Kadına, toplumsal cinsiyet ilişkileri açısından hep sabreden, tamamlayıcı, hizmet etmesi gereken vb. işlevler yüklenir. Üstelik kadın ve erkek ilişkisinin doğal biçiminin bu olduğuna inandırılır ve bunun karşısında da erkeğe egemen bir rol biçilir. Erkeğin bu üstün cins imgesini nasıl ve neden kazandığını tam olarak anlamak istiyorsak, tarihsel süreçlere bir yolculuğa çıkmamız gerekir. Çünkü bunun doğal bir süreç olmadığını biliyoruz. İşte bu yüzdendir ki toplumun en önemli tarihsel çelişkilerinden biri olan cinsiyetçiliği tanımlayabilmek, tarihsel gelişim seyrini kadın bakış açısıyla çok yönlü değerlendirerek güncellik içerisinde yeniden ele alıp çözümleyebilmek özgürlük, eşitlik arayışçıları açısından çok önemlidir. Çünkü hiçbir güç kendi tarihsel ve toplumsal geçmişini bilmeden kalıcı çözümler geliştiremez. Kaldı ki kadına dair, kadın adına yazılanlar ne kadar kadın rengi ile yazıldığı da tartışma götürür. Bu açıdan insanlığın en eski ve en köklü tarihsel çelişkisi olan cinsiyetçiliğin nasıl ortaya çıkıp geliştiğini, toplumların biçimlenmesinde temel rolü nasıl oynadığını ve bunun giderek nasıl toplumsal bir çürümeye yol açtığını irdelememiz gerekmekte. Günümüz itibariyle toplumsallığın yaratıcısı olarak kadın ve tanrıça kültünden çok az söz edildiğini duyarız. Zira toplumdan dışlanmanın ilk yolu tarihten de dışlamak ve yok saymaktır. Bilim insanları, tarihçiler kadınların bu özelliklerinden bahsetme gereği duymazlar. Sosyal bilimlerin eril nesnelliği ideolojik bir işlev yüklenerek ataerkil tarihçiliği dolayısıyla kahramanları, devletleri ve savaşları yazmışlardır.

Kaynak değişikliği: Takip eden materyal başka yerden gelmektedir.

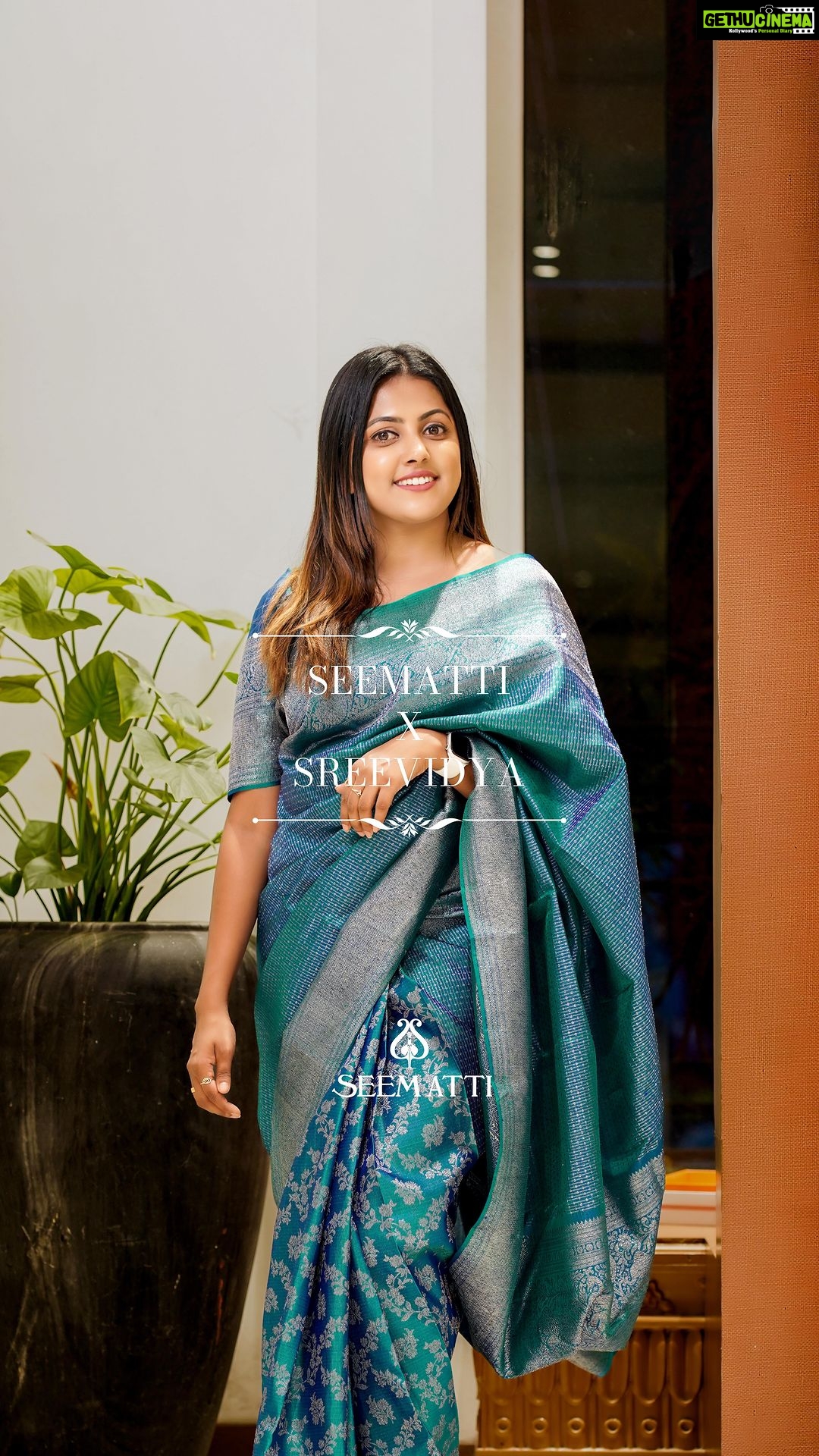 Sreevidya Nair Instagram - Stepping into a realm of elegance and heritage at Seematti’s Onam Shopping Carnival! From electrifying offers to the allure of tradition, my visit to Seematti Kochi was truly remarkable. The enchantment continues with captivating Onam deals at Seematti Kottayam and Seematti Crafted Kozhikode. Let’s embrace this Onam with style, flair, and a sprinkle of excitement! #seematti #onam #newcollection #onamspecial #onamoffers #onamcollection #seemattionam #onamseason #seasonofcelebration #seemattionam2023 #onam2023 #onamsaree #onamspecial #onamdress #kochi #kottayam #calicut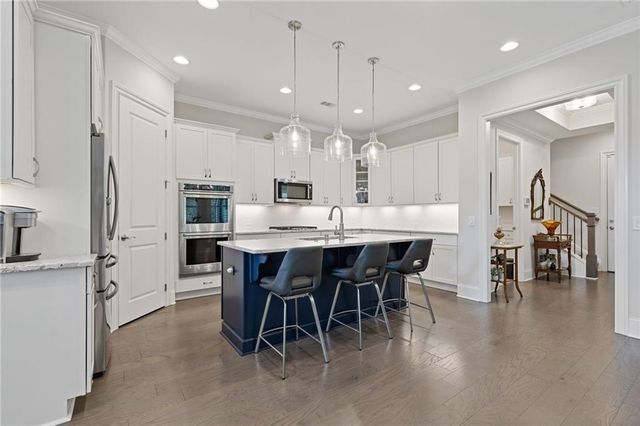 134 Kingwood Drive, Woodstock, GA 30188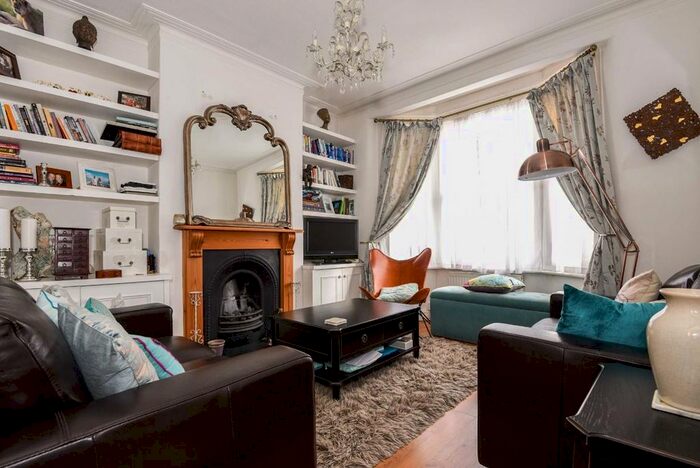 1 Bedroom Flat To Rent In Steerforth Street, London, SW18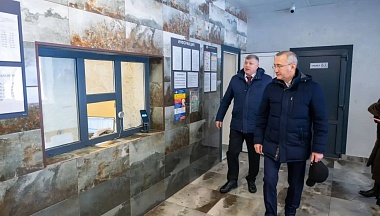 Владислав Шапша в ходе рабочей поездки заехал на автовокзал в Кондрове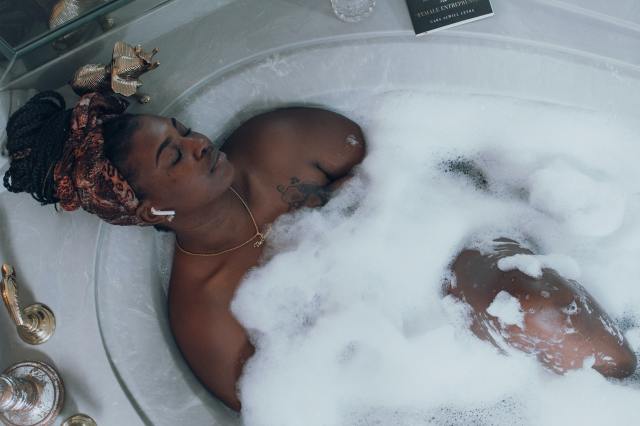 self care bath woman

Toplumsallaşmanın ilk gelişim sürecinde yani doğal toplumda ‘cinsiyetçiliğin’ olmadığını bugün var olan birçok veride görebilmekteyiz. Doğal toplum, ana tanrıça kültürüyle şekillenmiştir. Ana tanrıça yeteneğiyle, öncülüğü ve yaratıcılığıyla toplumsal bir kimlik kazanmaktaydı. Kadının yaratımı olan toplum, demokratik toplum anlayışı, eşitlik, özgürlük, paylaşım, gönüllü katılım ve yaratıcılık temelinde gelişmekteydi. Birey, doğal toplum kimliğiyle kendini tanımlamakta, üretime, yaşama katıldıkça toplumun bir tamamlayanı, öznesi olabilmekteydi. İşbölümüne dayalı toplumda herkes gücüne, yeteneğine ve yaşına göre kendi rengiyle katılımı toplumun komünalitesini de açığa çıkarmaktaydı.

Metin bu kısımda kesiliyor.